We must reason about what others might do and what is not reasonable that others will do, and act accordingly. This approach, this driving policy problem, and these problems also lead to computational challenges because we must plan for sufficiently long time, otherwise, we might find ourselves in a situation where things looked fine before, but then now they are looking very, very bad. So for example, this car here is driving 10 meters per second. If we look only two seconds into the future, then we see that everything is clear, because the other car that is standstill is 20 meters away. So in two seconds, we see nothing, no problem. It's great to continue and do the maneuver right. But of course, it's a horrible idea to do it because we will find ourselves hitting the other car.
So we must plan for a sufficiently long time. But then, because of the butterfly effect, we need to reason about an evolving future. So what is Mobileye's approach to these driving policy challenges? The idea is RSS plus analytical calculations plus intentions. Okay, so quickly going over the main ideas. RSS is an assumed guarantee type of methodology. This is something that is used in safety systems like aviation. The idea is that you want to assume the worst case, under a well-defined set of reasonable assumptions. And then, under these reasonable assumptions, every bad thing that might happen, will happen, okay? So we need to plan for the worst case. And then, how can we do this? Because there are infinite possible futures. Here comes the analytical calculations. It is impossible to do it in a numeric way.
So what we are doing is, that we are coupling all the future into the present using analytical calculations. This idea of coupling the future into the present is very similar to dynamic programming methods, which are popular in driving policy and planning, problems, okay? But unlike dynamic programming methods, which requires predictions of other agents, for our method, we are not using prediction, but we are using intentions of what others might do. And this results a more human-like behavior. Think as an example of a pedestrian standing on the side of the road, okay? Predictions mean that I know exactly if it is going to cross the road. I know exactly the trajectory of how exactly it's going to cross the road, at what speed, and exactly the curve that he's going to do.

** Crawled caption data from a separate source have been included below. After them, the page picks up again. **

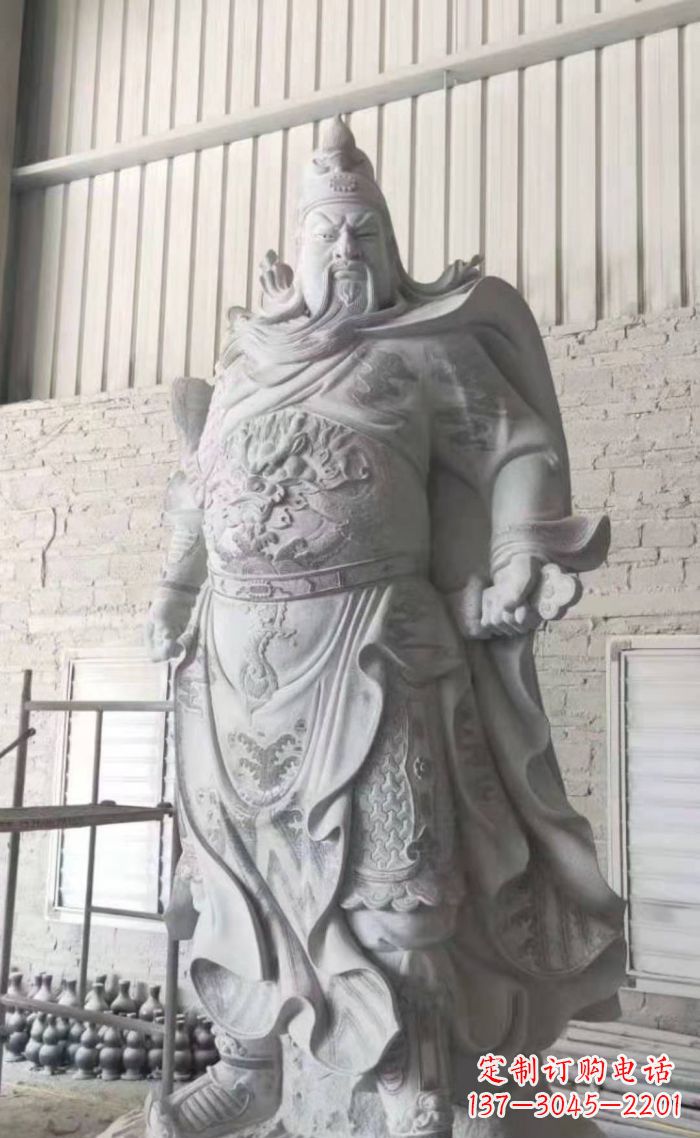 连云港大理石关公雕塑，精美绝伦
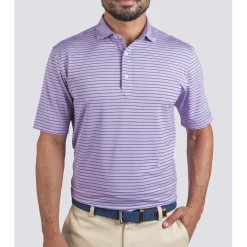 Turtleson Trey Stripe Performance Shirt Polo Short Sleeve Golf Apparel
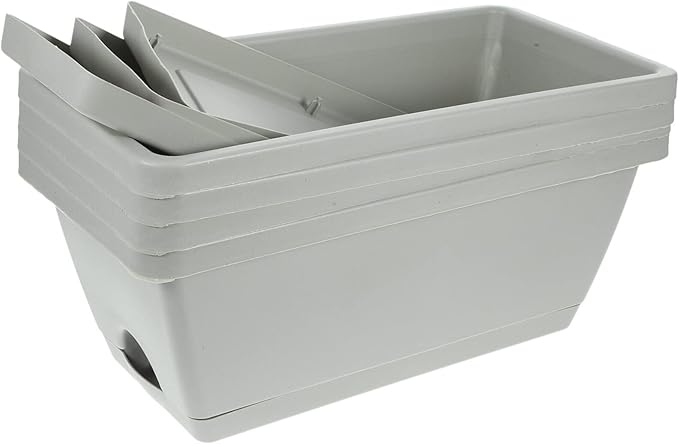 Alipis 4pcs Box Rectangular Pot Large Outdoor Planters Deck Plant Container Pot Outdoor Home Gardening Houseplant s Large Container Flowers Tray Plastic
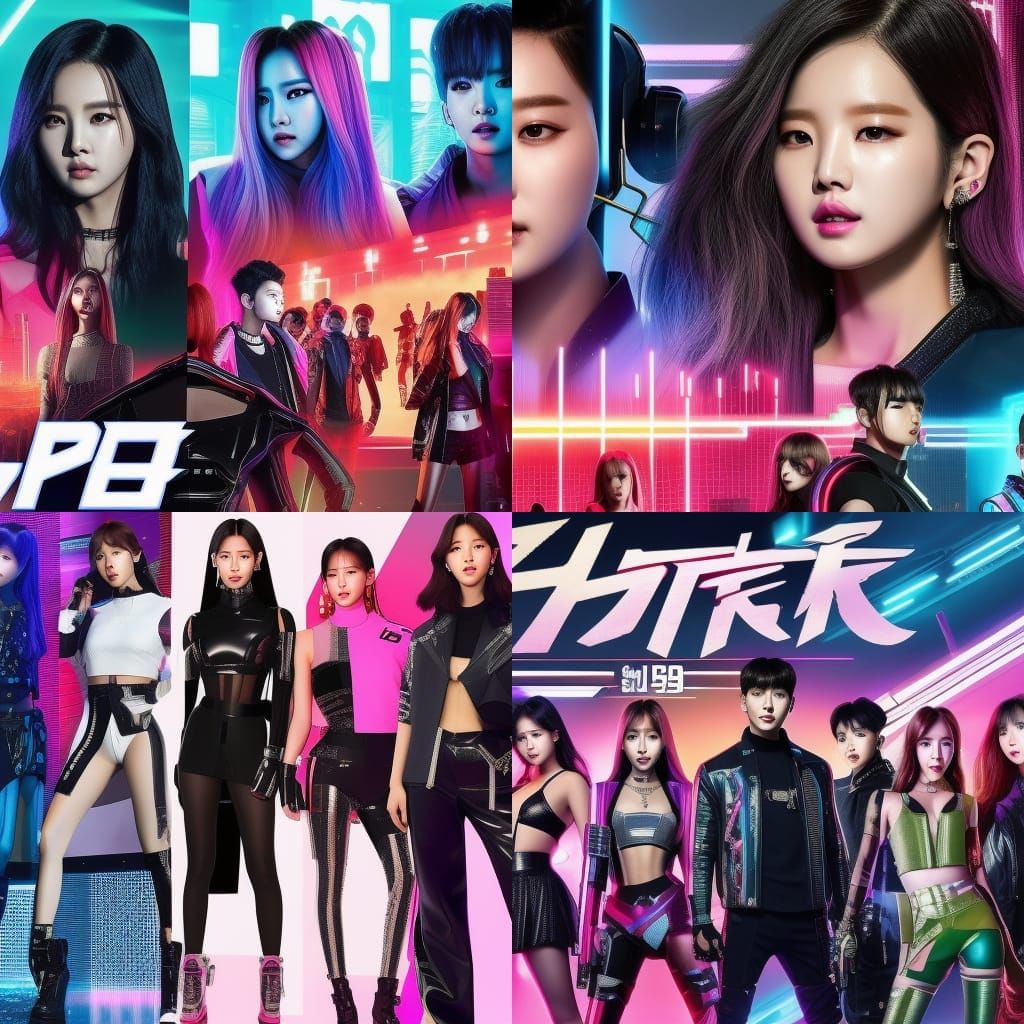 Kpop Group in Cyberpunk 2099 Neon Style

Intentions, on the other hand, ask a single question: Does he intend to cross or not? If he intends to cross, I need to take the worst case of trajectories that he might do and be ready for it. If he's not going to cross, then fine, I can continue. So it's a much simpler requirement from the AI that needs to do the postulation or the prediction of what the intentions of the road user. And we use all the modern AI tools as well as model-based tools in order to construct these predictions. Okay, so just to sum up, the comparison of Mobileye's approach for driving policy to other approaches.
So in the columns, we, you see Mobileye approach, you see another popular approach, which is called Monte Carlo Tree Search, which, which, came to, great popularity in the works on, using AI for solving games like chess, like Go. There is a dynamic programming on Markov decision processes or linear quadratic regulator, and end-to-end learning that now also are very, very populated, just gives the AI beast all the information and let it rule out what to do. So when we are judging these methods, we need to look at several consideration. Transparency: Do we understand what the system is doing? Controllability: Can we change the behavior of the system? Which, of course, is very, very important for OEMs in order to own the product. Performance: Is it efficient approach, or does it require a massive amount of computation?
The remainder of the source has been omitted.